- AIM OF THE EXERCISE: Keep the lines exact and the pictures out as you repeat the following listing.

- DATA SECTION:
****************************************

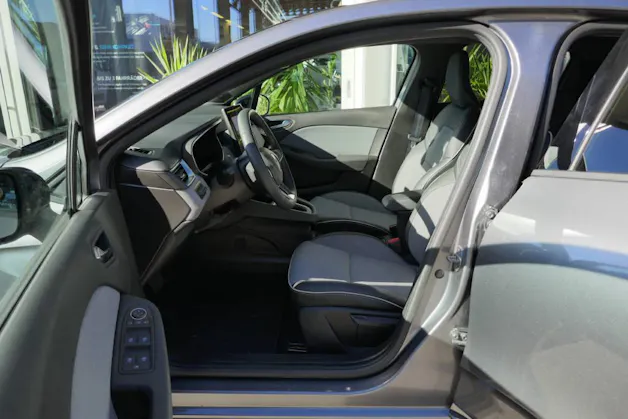 Renault Clio 1.6 E-Tech techno Automat 145PS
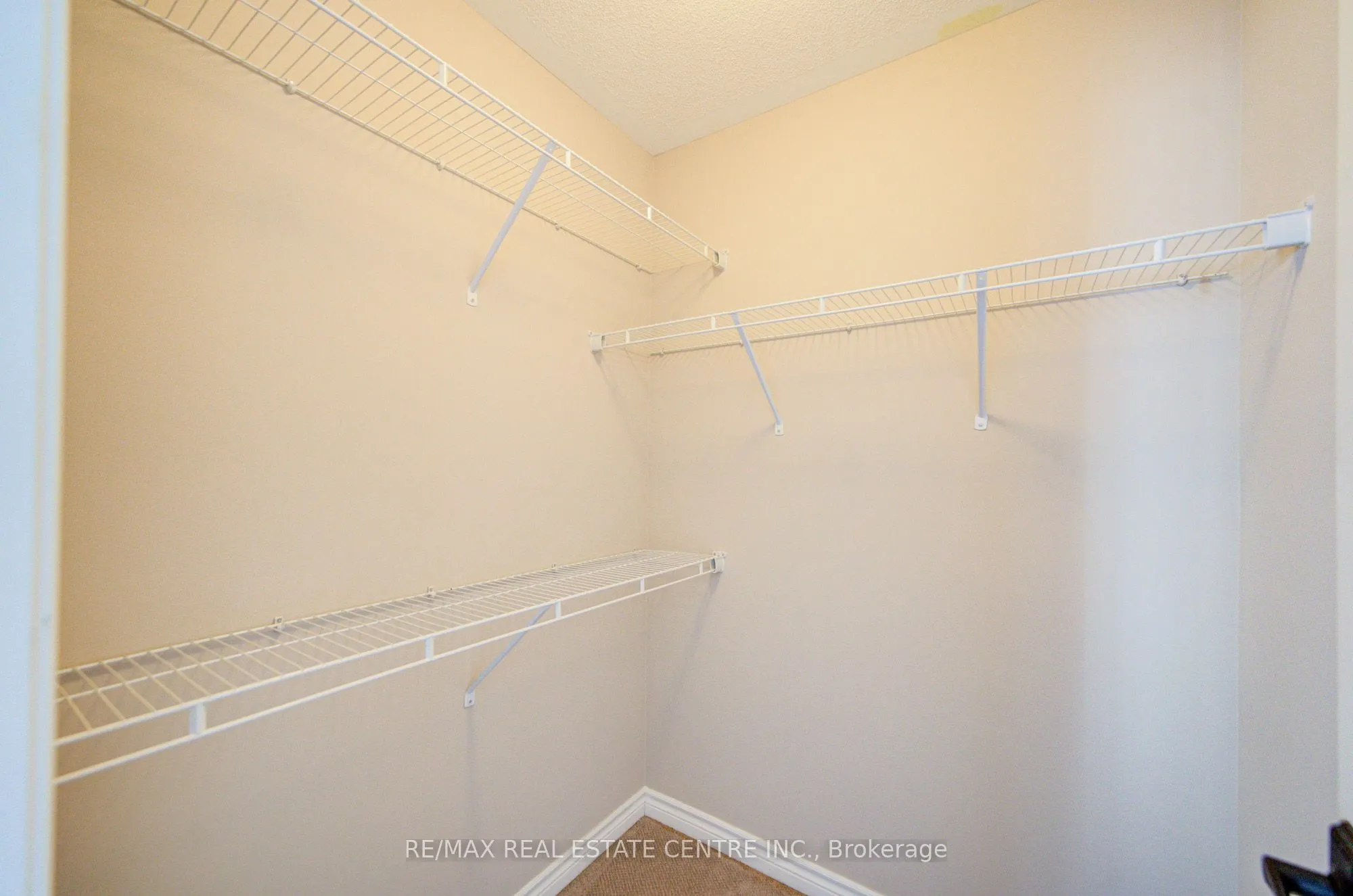 240 Chilver Heights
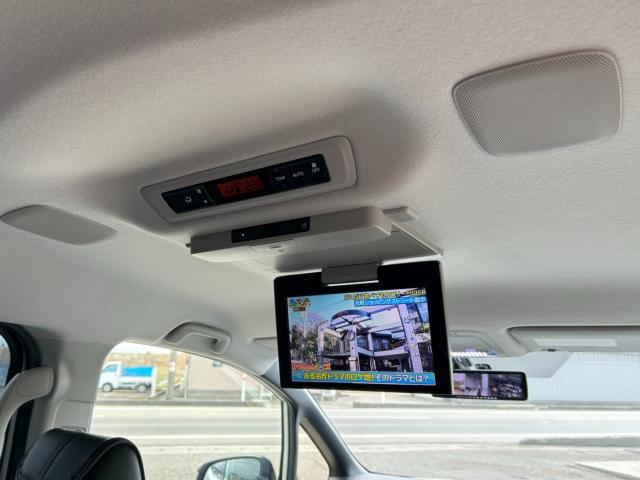 ヴォクシーハイブリッド(新潟県新潟市南区)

****************************************

- RESPONSE:
 Renault Clio 1.6 E-Tech techno Automat 145PS
 240 Chilver Heights
 ヴォクシーハイブリッド(新潟県新潟市南区)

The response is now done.